DATASET ENTRIES =
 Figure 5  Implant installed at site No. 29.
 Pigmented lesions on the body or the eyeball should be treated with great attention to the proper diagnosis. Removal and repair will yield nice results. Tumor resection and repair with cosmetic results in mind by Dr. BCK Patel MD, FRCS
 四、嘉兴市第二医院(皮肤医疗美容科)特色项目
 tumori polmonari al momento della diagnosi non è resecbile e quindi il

* * *

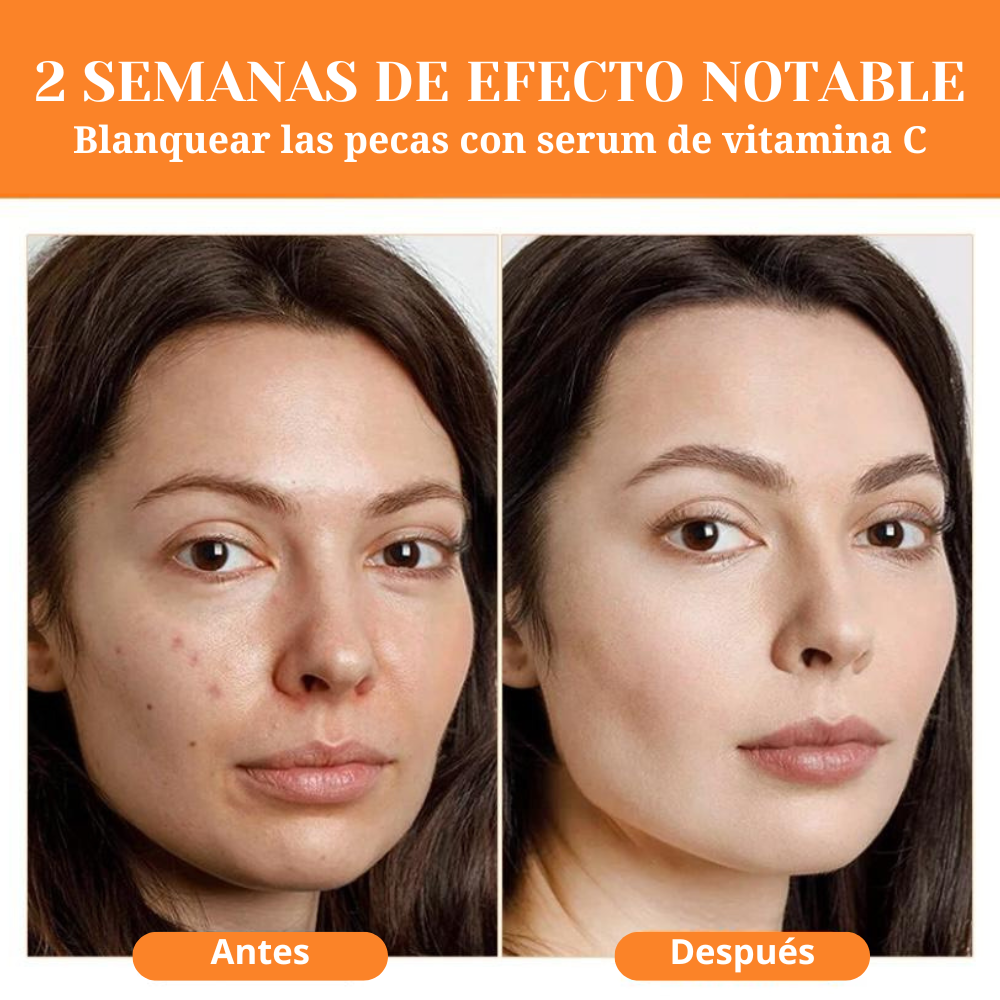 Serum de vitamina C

WHAT THE TASK REQUIRES =
Give back exactly the lines above starting at the line where "Pigmented lesions on" appears and ending at the line where "tumori polmonari al" appears, both included, with no other lines.

EXERCISE OUTPUT =
 Pigmented lesions on the body or the eyeball should be treated with great attention to the proper diagnosis. Removal and repair will yield nice results. Tumor resection and repair with cosmetic results in mind by Dr. BCK Patel MD, FRCS
 四、嘉兴市第二医院(皮肤医疗美容科)特色项目
 tumori polmonari al momento della diagnosi non è resecbile e quindi il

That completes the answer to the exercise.